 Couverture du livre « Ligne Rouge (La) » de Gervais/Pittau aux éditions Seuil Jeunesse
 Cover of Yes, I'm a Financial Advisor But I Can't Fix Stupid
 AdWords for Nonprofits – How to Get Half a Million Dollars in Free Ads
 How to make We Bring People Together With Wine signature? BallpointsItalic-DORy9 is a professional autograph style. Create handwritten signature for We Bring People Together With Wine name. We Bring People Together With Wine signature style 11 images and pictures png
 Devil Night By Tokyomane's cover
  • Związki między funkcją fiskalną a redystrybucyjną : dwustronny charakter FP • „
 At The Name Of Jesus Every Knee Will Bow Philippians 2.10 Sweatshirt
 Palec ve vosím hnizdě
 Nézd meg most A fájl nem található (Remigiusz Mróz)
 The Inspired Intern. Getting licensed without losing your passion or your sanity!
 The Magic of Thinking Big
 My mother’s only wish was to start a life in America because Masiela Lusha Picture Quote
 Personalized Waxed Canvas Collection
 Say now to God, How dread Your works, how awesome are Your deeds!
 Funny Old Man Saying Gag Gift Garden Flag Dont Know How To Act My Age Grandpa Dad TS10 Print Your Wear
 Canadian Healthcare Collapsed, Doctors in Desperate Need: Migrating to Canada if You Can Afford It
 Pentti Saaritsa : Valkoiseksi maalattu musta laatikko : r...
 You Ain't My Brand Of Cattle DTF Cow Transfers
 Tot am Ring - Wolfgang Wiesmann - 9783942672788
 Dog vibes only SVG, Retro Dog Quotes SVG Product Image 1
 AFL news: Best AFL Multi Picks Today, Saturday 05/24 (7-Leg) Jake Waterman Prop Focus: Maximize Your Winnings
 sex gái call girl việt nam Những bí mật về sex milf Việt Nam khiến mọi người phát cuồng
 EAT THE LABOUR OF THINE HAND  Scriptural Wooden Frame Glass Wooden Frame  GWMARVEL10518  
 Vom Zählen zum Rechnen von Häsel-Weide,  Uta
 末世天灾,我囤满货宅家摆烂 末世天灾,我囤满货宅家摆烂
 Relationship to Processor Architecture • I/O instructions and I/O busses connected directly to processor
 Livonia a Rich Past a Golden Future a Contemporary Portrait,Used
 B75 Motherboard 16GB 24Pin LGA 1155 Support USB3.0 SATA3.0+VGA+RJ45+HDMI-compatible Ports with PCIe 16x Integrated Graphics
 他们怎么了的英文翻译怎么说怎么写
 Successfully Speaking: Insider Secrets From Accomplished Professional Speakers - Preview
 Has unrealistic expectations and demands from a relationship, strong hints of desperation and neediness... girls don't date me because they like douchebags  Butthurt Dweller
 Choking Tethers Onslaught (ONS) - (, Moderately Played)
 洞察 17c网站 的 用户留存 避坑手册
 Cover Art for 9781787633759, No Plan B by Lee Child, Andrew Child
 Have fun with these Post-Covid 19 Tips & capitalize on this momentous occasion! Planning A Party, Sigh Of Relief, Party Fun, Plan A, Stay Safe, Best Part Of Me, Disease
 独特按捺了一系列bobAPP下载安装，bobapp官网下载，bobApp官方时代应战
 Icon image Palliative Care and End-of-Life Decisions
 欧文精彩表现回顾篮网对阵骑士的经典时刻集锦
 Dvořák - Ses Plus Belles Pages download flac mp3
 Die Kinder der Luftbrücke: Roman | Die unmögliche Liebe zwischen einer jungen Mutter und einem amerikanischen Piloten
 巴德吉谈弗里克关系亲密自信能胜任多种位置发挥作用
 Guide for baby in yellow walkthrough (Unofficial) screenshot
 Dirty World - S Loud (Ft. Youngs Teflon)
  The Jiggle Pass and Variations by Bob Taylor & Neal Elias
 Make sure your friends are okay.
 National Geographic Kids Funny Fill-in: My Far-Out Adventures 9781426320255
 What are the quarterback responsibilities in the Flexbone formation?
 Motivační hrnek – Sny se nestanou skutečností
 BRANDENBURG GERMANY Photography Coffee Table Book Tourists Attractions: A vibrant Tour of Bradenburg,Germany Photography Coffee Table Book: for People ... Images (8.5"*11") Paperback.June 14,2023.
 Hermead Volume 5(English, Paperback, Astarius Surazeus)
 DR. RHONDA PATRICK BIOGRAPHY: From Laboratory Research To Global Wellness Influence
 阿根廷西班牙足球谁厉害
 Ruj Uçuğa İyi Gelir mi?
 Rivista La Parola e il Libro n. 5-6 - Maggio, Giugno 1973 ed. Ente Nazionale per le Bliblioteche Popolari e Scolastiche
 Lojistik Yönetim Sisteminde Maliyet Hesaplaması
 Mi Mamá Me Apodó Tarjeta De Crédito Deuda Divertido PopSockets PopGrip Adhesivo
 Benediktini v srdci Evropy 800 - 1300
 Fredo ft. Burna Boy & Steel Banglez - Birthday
::::::
◆ Exercise goal: When "Best" shows up in a line of the material, report that line.

◆ Response to this task:
 AFL news: Best AFL Multi Picks Today, Saturday 05/24 (7-Leg) Jake Waterman Prop Focus: Maximize Your Winnings
 Have fun with these Post-Covid 19 Tips & capitalize on this momentous occasion! Planning A Party, Sigh Of Relief, Party Fun, Plan A, Stay Safe, Best Part Of Me, Disease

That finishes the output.